Fluid mechanics might sound like a complicated subject, but really it is pretty easy to understand once you know how to decipher it. Fluid mechanics is basically a type of physics that measures fluids such as liquids and gases and how they react to the forces placed upon them. To make it even simpler to understand, fluid mechanics can be divided into several categories: fluid statics, fluid dynamics and fluid kinematics.
Fluid statics looks at how fluids work while they remain still, fluid dynamics examines how fluids work while they are moving and the forces that are applied to them as they move, and fluid kinematics investigates how fluids work while they move. While some people might not be familiar with the term fluid mechanics, they will most likely know the term hydraulics; this is another word for fluid mechanics.
Now the basics of what fluid mechanics are have been explained, let’s take a look at how fluid mechanics of hydraulics can be applied. Without even realizing it you properly use a number of things every day that you might well take for granted, and they would not exist or function properly if it wasn’t for fluid mechanics. Fluid mechanics has a vast range of applications and they will have been used to help ensure the smooth working of many things that you might think of has everyday items. If a pump, a turbine or hydropower is in use, then fluid mechanics will have been used to help the smooth working of it.

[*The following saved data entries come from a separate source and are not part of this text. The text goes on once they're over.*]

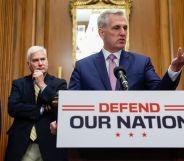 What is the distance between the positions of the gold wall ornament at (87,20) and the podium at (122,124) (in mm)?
2229

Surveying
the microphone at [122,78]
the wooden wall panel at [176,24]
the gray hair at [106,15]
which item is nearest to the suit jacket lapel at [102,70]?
the gray hair at [106,15]

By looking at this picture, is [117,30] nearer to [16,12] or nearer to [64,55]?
[64,55]

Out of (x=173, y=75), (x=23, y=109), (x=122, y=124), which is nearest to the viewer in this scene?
(x=122, y=124)

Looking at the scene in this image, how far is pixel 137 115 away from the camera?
1.67 m

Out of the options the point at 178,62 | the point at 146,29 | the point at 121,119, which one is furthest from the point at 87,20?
the point at 121,119

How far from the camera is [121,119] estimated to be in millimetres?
1658

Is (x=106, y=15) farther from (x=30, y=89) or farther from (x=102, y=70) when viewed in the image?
(x=30, y=89)

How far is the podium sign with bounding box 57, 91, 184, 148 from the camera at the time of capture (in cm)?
161

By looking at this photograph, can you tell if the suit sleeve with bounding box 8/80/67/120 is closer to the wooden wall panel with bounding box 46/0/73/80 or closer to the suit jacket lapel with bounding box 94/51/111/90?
the suit jacket lapel with bounding box 94/51/111/90

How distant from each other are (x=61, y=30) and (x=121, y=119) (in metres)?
2.45

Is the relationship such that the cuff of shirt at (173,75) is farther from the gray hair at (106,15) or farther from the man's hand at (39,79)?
the man's hand at (39,79)

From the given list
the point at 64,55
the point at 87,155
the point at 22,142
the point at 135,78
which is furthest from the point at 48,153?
the point at 64,55

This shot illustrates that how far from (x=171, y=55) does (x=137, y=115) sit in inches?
89.6

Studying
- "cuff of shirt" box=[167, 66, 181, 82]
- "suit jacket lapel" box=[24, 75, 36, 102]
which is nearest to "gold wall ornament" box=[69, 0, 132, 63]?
"suit jacket lapel" box=[24, 75, 36, 102]
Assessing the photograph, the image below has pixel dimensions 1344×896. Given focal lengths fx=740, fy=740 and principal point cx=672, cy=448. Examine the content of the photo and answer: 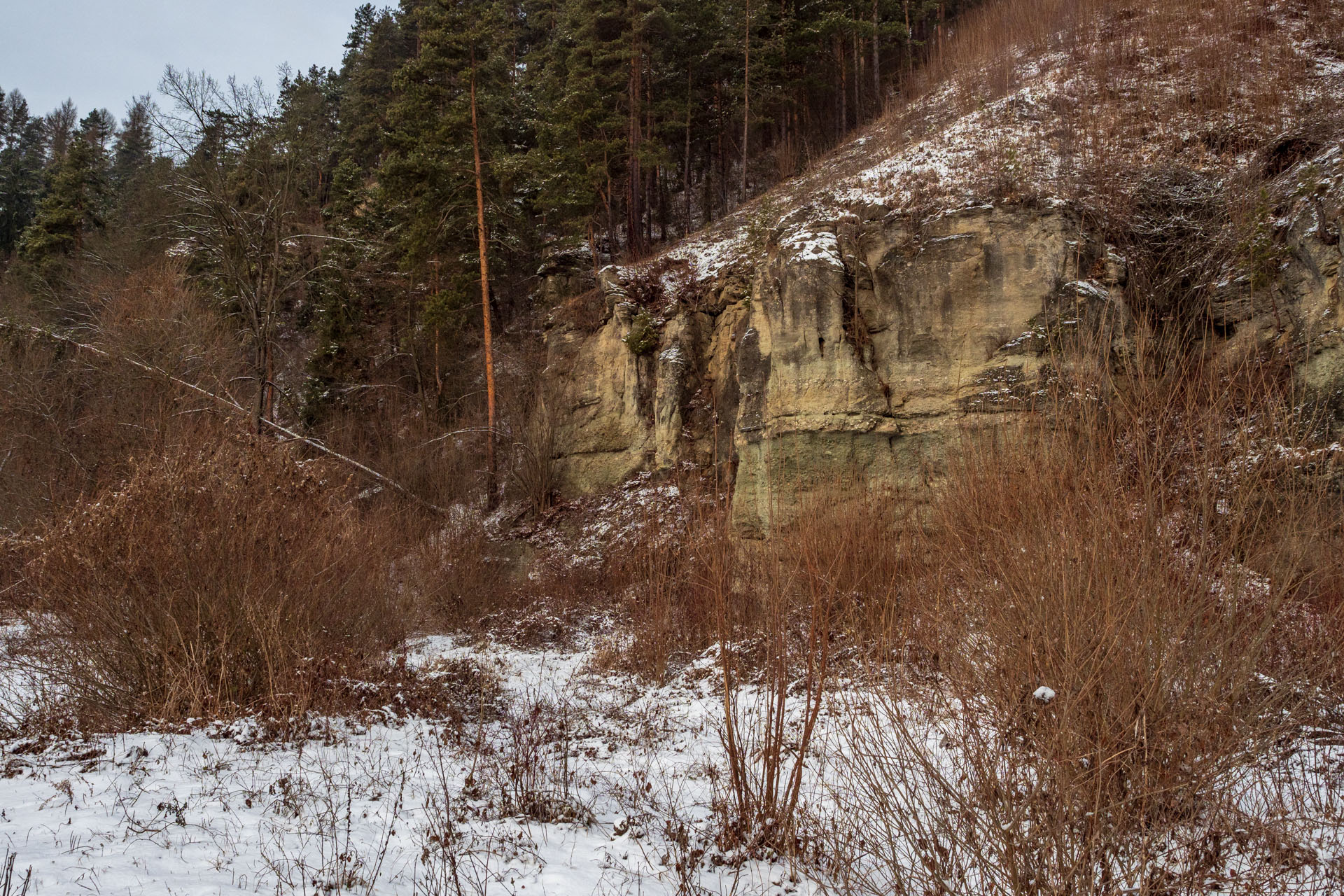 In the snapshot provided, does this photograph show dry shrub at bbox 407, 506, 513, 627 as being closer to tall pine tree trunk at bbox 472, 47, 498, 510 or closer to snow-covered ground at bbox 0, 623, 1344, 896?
tall pine tree trunk at bbox 472, 47, 498, 510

Fluid mechanics also comes into use for large projects such as dam design or pipe flow. Fluid mechanics are used in so many functions that we might all take for granted. Just look around you; if it involves some sort of fluid or the movement of fluid, then fluid mechanics or hydraulics has been used to help design it. Fluid mechanics or hydraulics is also used in medical equipment. Without them, we wouldn’t have hydraulic stretchers or lifts for patients to use.
As you can see, fluid mechanics plays an essential part of everyone’s life. Which is why is it so important to us here at The Australasian Fluid Mechanics Society.